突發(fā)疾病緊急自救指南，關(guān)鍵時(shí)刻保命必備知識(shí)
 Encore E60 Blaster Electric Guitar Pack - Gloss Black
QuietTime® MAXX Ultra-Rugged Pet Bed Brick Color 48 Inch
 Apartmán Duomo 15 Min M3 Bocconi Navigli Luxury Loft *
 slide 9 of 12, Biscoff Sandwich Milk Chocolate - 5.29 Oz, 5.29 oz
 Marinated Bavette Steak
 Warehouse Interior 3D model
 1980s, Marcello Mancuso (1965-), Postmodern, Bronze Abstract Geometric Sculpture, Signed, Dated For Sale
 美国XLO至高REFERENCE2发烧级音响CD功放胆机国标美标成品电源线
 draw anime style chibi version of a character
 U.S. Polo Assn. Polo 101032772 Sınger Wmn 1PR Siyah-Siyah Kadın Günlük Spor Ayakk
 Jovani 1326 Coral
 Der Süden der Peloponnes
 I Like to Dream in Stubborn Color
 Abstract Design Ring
============================================================
Could you reproduce the lines above, from the one that holds "Jovani 1326 Coral" through the last, exactly as they stand?

# [Task response]
 Jovani 1326 Coral
 Der Süden der Peloponnes
 I Like to Dream in Stubborn Color
 Abstract Design Ring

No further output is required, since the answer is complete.